Recovery – or Not – in Words and Pictures

First, the pictures. Paul Swartz of the Council on Foreign Relations has a new version of his charts on the current recession in historical perspective, which I first linked to in June. The overall impression? We are still considerably worse off today than in other postwar recessions at this point (21 months in), although some indicators appear to be bottoming out.

Now the words. Edward Harrison of Credit Writedowns has a guest post at naked capitalism presenting the arguments for a robust recovery and for no recovery at all. He cites Joseph Stiglitz for the proposition that statistical GDP growth isn’t everything, and extends the point to argue that  you can have “low-quality” GDP growth if that growth is financed by debt without corresponding investment. When you happen to control the world’s reserve currency you can do this for quite some time, and there’s no saying we can’t do it for a while longer. So one possibility Harrison foresees is a reasonable growth fueled by cheap money, yet no change to some of our underlying economic problems, including a financial sector with a put option from the federal government.

By James Kwak

8 thoughts on “Recovery – or Not – in Words and Pictures

  1. Denninger is a bit of a crank. I know, I know; pot, kettle.

    Apparently our central bank intends to hold interest rates at zero until the end of time. Hey, it worked for Japan. Oh, wait.

    (If only that were a perfect analogy, I would know what outcome to expect. Unfortunately…)

    Anybody who thinks they know how this ends is deluding themselves. We are a long way off the beaten track here.

  2. Crank, indeed he is!
    Anyway, you are correct about predicting outcomes, but Karl’s numbers (the graph is per capita, if I remember correctly) indicate the beginning of a big collapse rather than a bottom.

  3. This is my opinion. Only my opinion, based on not that much. Just me looking at the full moon, turning my head to just the right angle so I can hear clearly the howls of the other wolves. I don’t have a degree in Economics.

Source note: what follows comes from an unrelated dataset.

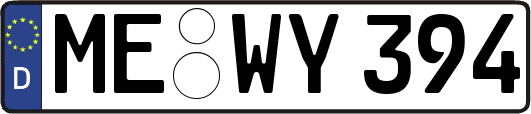 ME-WY394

    But what if we do have a “recovery”? What difference does it make? I think at the end of 2010 a VERY POSITIVE scenario gives you somewhere between 2-3% annual growth. We’re not going to come roaring back at 5%. I don’t think we’re going to fall much more if we get the proper bank regulations in place. So I see a REALISTIC scenario somewhere between 1% to 1.5% growth January 2011 onward. Is it a recovery??? You can call an apple an orange and you can say an orange is an apple, it is what it is and it tastes the same. You can call a college a university, or a university a college, the quality of the teaching at that specific place is the same. You want to call 1.5% growth a “Recovery”, fine by me.

    This is one of your better posts James. You do yourself a much better service quoting information and thoughts from Paul Swartz and Joseph Stiglitz, 2 guys with real credentials, than quoting federal judges that wear a “wannabe” economist name tag on their lapel.

  4. Doesn’t it seem to anyone else that we need more markers by which to measure both recession and recovery? I hear words like jobless recovery and i have to wonder if it can really be called a recovery if the people who are benefiting from the upswing are the same ones that never felt actual pain from the fall.
    As I have similarly had to wonder whether or not we ever really recovered from the recession in the late 90’s or even earlier.

  5. One of Karl Denninger’s major points is that consumer credit is declining, and with no additional credit available to the consumer, consumer spending ( 70% of GDP) cannot grow. From that point of view the private sector cannot sustain any basis from which to grow.

    The argument there is a recovery once that is some grow growth is an illusion. Consumer spending has fallen drastically, and cannot grow in our credit situation. Major sectors of the private sector are moribund. Real unemployment considering the sorta self employed and underemployed is somewhere between 16 – 20% percent and growing . Minor GDP growth means those numbers and those sectors will continue to deteriorate.

    Wealth in this deteriorating situation is contracting rapidly , because the return on many investments right now is negative,( all too often really negative) and it is questionable with the declining credit available whether many businesses and investments continuing to function can function much longer. It is from this wealth that funding for the monumental government deficits and future growth must come. The burn rate of our cumulative wealth and capital is several times our savings rate and is unsustainable. Peter ( the government) can only borrow from Paul ( private capital) for only so long before everthing goes belly up and chaos ensues, particularly so since the foreign funding of our debt jig is up.

    Public sector priming of the pump spending may make the GDP numbers look better for a while, but the underlying economy is still declining and is in real scary shape.

  6. Don’t forget to mention that most taxes are on income and gains. This makes government deficits larger than they look, since their “income” won’t be what it normally is.
    The question is when will taxes start increasing, not if they will. It’ll be sad but interesting to see how they manage to extract every red cent out of the middle class and pass it to the oligarchs.

    Are we living a new version of the Great Depression or Fall of the Roman Empire?